Iconic disco band led by Nile Rodgers and Bernard Edwards, who were also some of the most dominant songwriters, producers and backing musicians of the era. The band recorded several critically acclaimed albums and retained respect even during the years following the decline of disco. They’re best known for their hits “Le Freak” and “Good Times”. Chic has been eligible since 2002 and have been nominated every year since 2003.
Jon Winkler: Despite disco not being rock and roll, I’ll make Chic an exception.
Matt Rice: Chic is the group I’m most hoping gets in, and disco is totally rock and roll.
Ryan Gibbs: This is their record-tying 10th nomination. Only other artist to get that many nominations was Solomon Burke, and he got in there. It is stupid that they’re not in yet. And agreed, disco come out of funk and r&b. How is it not rock?
Matt: What’s more rock and roll than pissing off white guys so much they crush a bunch of your records?
Jon: lol. Point taken.
Ryan: It’s stupid that they didn’t get in when Nile Rodgers was having a great year off of the Daft Punk record. It’s stupid that they didn’t get in 10 years ago. It’s stupid that so many artists that don’t deserve to be in got in before them.
Jon: Nile Rodgers is one of the best guitar players alive today, and he’s a great producer.
Kevin Montes: Agreed.
Ryan: And also one of the best songwriters, which should have worked to his and their advantage.all the times they were nominated before. They’re due for induction. One of my problems with that dumb fan vote is that people sometimes have a really narrow minded idea of what rock is and it’s white guys with guitars.
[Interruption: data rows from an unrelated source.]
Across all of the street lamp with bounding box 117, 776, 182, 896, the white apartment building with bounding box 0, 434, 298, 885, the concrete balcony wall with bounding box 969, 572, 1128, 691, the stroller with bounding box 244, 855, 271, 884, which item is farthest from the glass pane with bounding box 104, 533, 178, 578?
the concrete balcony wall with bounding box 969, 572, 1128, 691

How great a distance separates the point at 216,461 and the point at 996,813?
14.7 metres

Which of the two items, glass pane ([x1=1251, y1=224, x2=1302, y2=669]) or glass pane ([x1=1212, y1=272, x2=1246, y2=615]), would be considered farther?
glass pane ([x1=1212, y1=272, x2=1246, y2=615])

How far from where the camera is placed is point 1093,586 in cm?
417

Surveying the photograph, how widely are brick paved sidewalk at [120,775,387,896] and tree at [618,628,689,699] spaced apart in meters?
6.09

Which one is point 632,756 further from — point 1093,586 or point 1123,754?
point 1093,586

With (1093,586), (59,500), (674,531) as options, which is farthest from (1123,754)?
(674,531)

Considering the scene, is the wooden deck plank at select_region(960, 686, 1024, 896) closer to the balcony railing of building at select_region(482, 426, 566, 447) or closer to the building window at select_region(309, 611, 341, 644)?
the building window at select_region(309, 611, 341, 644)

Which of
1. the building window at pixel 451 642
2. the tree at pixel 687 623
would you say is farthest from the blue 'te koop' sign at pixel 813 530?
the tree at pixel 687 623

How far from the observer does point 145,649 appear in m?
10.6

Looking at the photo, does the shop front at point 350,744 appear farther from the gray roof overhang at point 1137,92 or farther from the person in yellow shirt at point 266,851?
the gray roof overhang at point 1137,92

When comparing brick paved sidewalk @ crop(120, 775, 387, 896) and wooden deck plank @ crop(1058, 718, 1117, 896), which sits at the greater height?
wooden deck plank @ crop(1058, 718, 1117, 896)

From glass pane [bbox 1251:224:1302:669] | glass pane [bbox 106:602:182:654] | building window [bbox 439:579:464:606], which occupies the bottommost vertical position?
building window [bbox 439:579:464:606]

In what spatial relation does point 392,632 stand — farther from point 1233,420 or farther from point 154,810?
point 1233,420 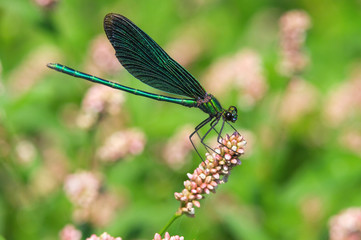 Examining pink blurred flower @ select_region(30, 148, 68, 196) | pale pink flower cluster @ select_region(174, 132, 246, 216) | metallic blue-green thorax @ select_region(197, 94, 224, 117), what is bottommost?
pale pink flower cluster @ select_region(174, 132, 246, 216)

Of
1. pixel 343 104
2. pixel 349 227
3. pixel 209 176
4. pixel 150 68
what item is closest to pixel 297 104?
pixel 343 104

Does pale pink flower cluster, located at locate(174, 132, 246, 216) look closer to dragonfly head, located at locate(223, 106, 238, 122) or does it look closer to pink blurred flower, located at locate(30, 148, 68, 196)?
dragonfly head, located at locate(223, 106, 238, 122)

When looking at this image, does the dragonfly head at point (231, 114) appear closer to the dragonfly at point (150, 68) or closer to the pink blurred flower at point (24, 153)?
the dragonfly at point (150, 68)

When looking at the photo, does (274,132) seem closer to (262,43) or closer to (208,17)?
(262,43)

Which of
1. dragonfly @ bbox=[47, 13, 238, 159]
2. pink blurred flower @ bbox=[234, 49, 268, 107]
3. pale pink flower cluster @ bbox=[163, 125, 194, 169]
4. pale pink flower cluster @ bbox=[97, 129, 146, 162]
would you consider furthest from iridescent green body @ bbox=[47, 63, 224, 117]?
pink blurred flower @ bbox=[234, 49, 268, 107]

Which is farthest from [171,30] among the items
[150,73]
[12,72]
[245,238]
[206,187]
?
[206,187]

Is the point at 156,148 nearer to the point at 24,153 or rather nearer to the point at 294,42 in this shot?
the point at 24,153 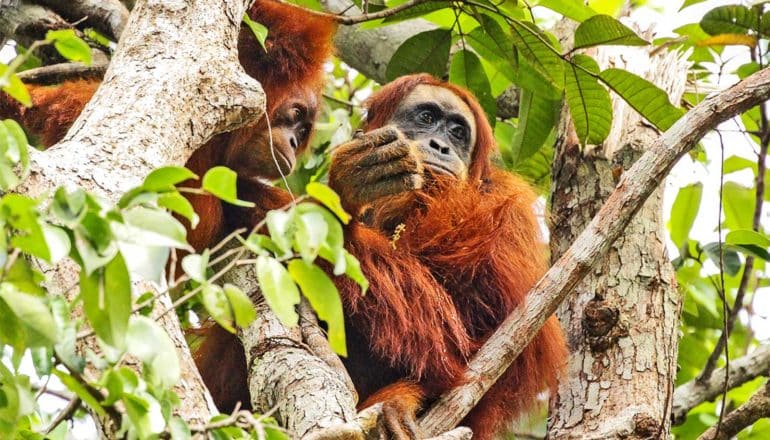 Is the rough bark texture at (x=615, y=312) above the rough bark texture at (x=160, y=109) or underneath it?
underneath

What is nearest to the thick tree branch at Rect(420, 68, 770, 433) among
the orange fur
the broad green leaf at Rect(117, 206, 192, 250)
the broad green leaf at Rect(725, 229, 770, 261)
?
the orange fur

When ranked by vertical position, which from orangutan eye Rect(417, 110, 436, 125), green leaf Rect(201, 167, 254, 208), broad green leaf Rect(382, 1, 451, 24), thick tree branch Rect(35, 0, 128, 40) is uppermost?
thick tree branch Rect(35, 0, 128, 40)

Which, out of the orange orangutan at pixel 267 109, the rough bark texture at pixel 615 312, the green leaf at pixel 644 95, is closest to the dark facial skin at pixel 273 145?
the orange orangutan at pixel 267 109

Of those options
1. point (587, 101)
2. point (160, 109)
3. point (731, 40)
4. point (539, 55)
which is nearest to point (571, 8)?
point (539, 55)

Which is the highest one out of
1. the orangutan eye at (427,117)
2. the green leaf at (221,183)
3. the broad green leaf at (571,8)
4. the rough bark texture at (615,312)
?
the broad green leaf at (571,8)

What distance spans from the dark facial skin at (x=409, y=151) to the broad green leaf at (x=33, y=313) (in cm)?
248

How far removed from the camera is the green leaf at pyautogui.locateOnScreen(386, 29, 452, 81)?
4.95 meters

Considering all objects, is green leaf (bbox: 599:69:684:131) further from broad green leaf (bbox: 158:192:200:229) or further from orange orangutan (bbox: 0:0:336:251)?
broad green leaf (bbox: 158:192:200:229)

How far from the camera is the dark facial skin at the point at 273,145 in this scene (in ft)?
14.5

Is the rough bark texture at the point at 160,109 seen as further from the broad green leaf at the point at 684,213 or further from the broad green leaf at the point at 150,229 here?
the broad green leaf at the point at 684,213

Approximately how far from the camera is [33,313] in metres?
1.55

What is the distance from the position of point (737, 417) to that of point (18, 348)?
3039mm

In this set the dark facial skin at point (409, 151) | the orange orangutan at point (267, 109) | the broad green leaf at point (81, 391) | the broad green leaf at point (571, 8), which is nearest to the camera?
the broad green leaf at point (81, 391)

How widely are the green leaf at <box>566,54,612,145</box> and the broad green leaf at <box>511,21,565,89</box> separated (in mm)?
58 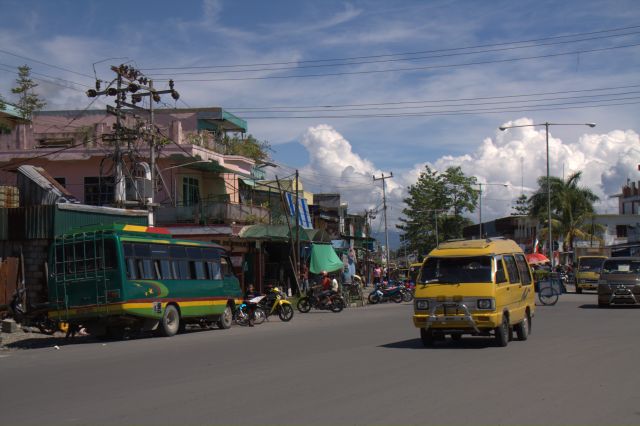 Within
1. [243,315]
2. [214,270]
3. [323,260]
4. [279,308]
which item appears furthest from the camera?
[323,260]

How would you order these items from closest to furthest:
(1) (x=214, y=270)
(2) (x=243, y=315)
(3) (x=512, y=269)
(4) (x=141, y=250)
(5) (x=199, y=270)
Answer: (3) (x=512, y=269), (4) (x=141, y=250), (5) (x=199, y=270), (1) (x=214, y=270), (2) (x=243, y=315)

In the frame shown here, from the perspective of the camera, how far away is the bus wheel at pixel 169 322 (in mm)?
21591

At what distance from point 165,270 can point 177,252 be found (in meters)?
0.89

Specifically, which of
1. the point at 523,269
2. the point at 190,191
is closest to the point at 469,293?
the point at 523,269

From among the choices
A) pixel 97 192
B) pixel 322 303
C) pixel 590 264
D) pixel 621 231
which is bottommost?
pixel 322 303

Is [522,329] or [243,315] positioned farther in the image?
[243,315]

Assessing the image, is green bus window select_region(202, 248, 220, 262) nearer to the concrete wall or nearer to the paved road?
the paved road

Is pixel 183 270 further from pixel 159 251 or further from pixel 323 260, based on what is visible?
pixel 323 260

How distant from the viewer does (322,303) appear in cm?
3222

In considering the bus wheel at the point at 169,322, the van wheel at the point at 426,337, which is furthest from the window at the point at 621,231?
the van wheel at the point at 426,337

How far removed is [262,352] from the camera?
51.6ft

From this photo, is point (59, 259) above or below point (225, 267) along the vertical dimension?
above

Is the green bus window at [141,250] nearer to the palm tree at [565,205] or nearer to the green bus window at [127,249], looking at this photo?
the green bus window at [127,249]

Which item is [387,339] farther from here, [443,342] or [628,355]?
[628,355] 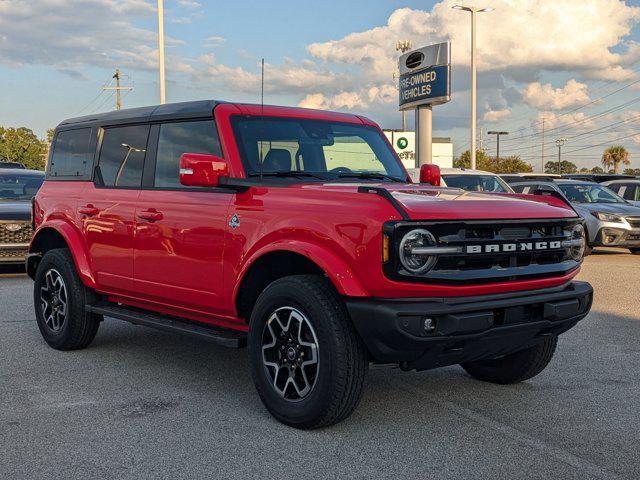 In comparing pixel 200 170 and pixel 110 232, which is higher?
pixel 200 170

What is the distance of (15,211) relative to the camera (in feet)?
40.4

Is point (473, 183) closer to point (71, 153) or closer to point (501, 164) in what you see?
point (71, 153)

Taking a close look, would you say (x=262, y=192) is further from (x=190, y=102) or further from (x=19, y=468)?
(x=19, y=468)

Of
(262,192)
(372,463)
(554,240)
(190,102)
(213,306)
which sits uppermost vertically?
(190,102)

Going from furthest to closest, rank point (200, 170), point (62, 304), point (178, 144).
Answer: point (62, 304) < point (178, 144) < point (200, 170)

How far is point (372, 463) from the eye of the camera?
13.3 feet

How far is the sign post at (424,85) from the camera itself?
70.4ft

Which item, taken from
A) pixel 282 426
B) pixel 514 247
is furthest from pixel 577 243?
pixel 282 426

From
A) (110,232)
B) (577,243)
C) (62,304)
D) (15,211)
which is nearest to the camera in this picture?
(577,243)

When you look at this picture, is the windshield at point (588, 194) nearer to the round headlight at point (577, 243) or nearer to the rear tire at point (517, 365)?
the rear tire at point (517, 365)

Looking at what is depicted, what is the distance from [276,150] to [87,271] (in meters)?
2.07

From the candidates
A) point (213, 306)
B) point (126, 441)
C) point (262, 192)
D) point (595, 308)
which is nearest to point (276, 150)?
point (262, 192)

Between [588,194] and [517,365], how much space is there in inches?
482

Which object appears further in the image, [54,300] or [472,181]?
[472,181] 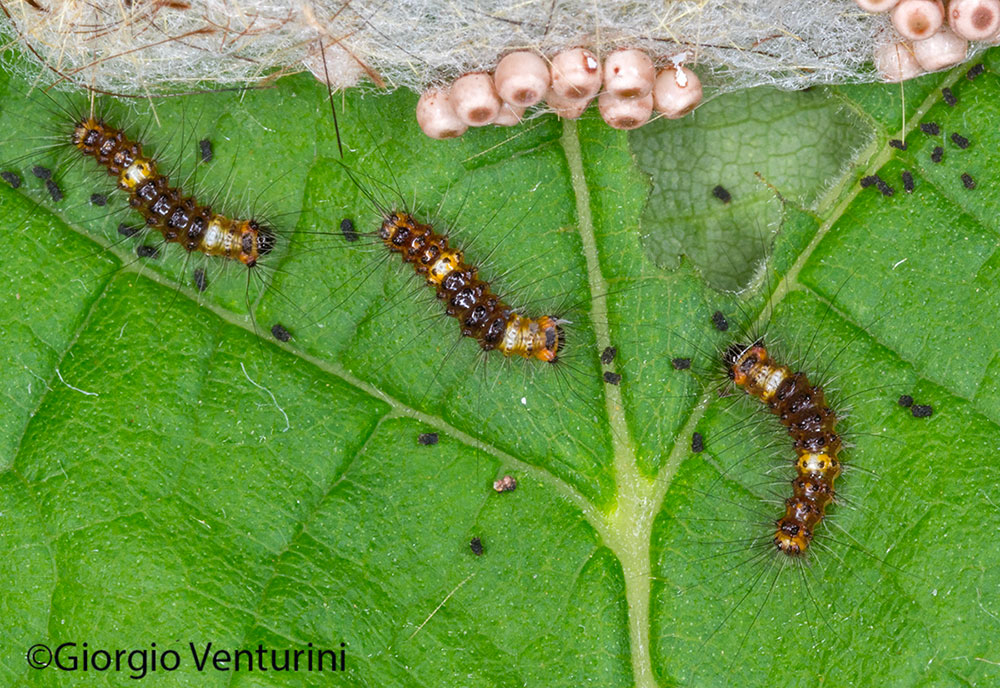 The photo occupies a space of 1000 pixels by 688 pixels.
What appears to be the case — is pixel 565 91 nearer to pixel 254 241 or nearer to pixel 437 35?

Which is silly. Even though, yeah, that fan vote is really a thrown bone. It only counts for a single ballot.
Matt: I’m not big on “Get Lucky” or Let’s Dance, honestly. Their work with Sister Sledge, on the other hand…
Ryan: C’est Chic is a fantastic album. One of the strongest of the disco era.
Matt: Risque and Real People are phenomenal, too.
Jon: They have a great instantly recognizable sound too.
Ryan: I really want them in this year. If had a vote, they’d be on my ballot easy.
Matt: Their biggest contribution to rock and roll: the “Good Times” bassline.
Jon: And to hip hop as well.
Ryan: Yeah! That bassline is all over early hip hop; The backbone of “Rapper’s Delight.”
Matt: And, more importantly, “The Adventures of Grandmaster Flash on the Wheels of Steel.”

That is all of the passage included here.